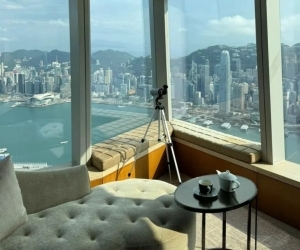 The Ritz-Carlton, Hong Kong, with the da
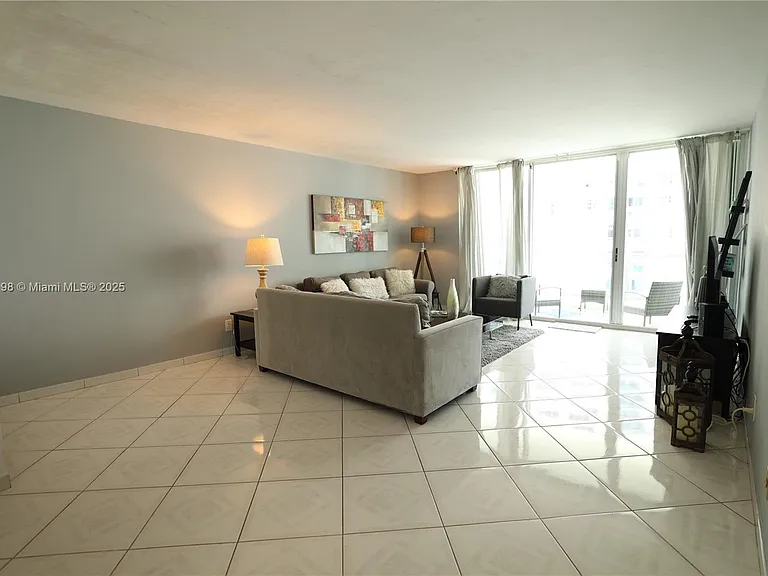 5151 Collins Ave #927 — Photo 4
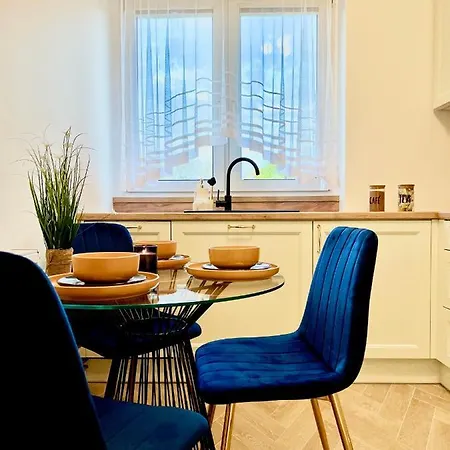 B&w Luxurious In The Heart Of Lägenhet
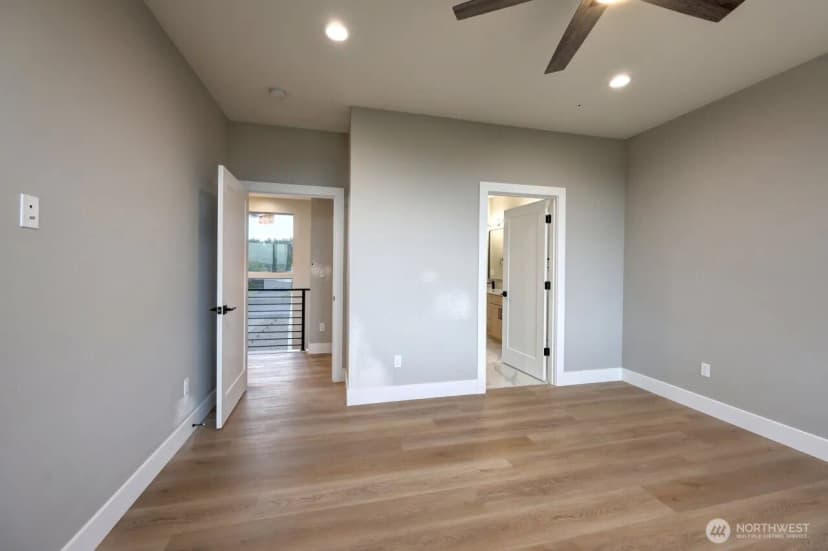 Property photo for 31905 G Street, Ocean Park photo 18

____

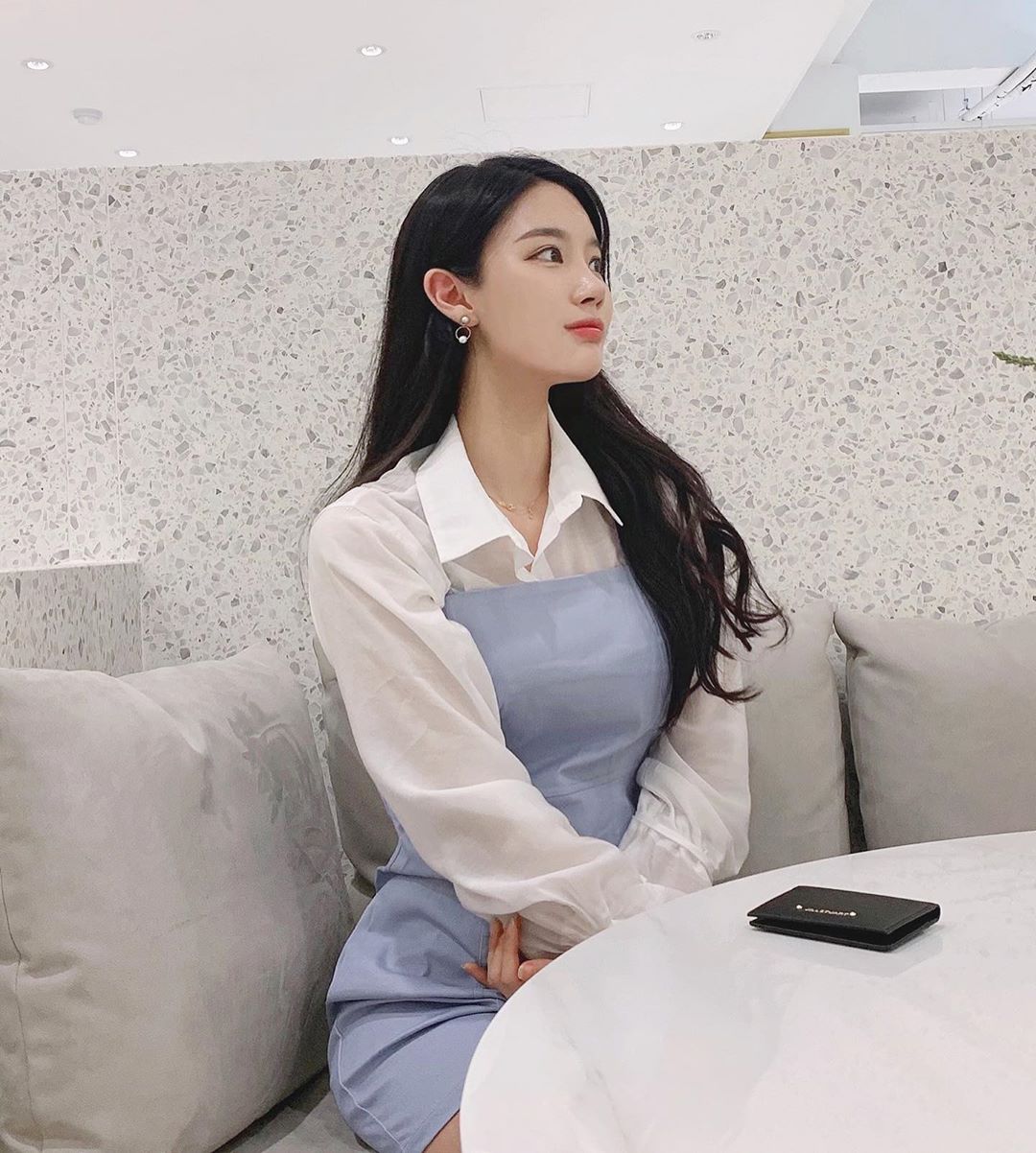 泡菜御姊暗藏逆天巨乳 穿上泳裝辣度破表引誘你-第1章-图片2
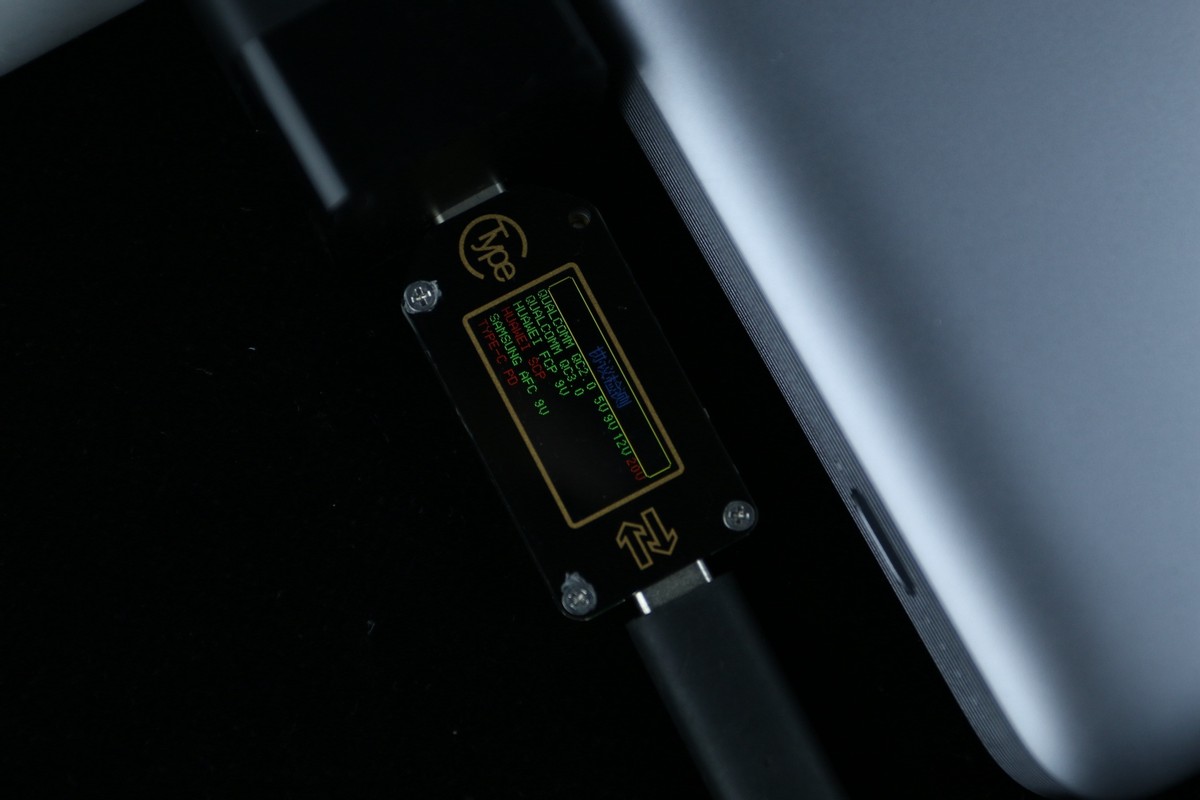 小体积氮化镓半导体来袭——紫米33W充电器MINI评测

____

THE PROBLEM: Exactly the lines above, from the one containing "5151 Collins Ave #927 — Photo 4" down to the one containing "Property photo for", are to be repeated, including both ends. Pictures are not part of the copy.

WRITTEN ANSWER:
 5151 Collins Ave #927 — Photo 4
 B&w Luxurious In The Heart Of Lägenhet
 Property photo for 31905 G Street, Ocean Park photo 18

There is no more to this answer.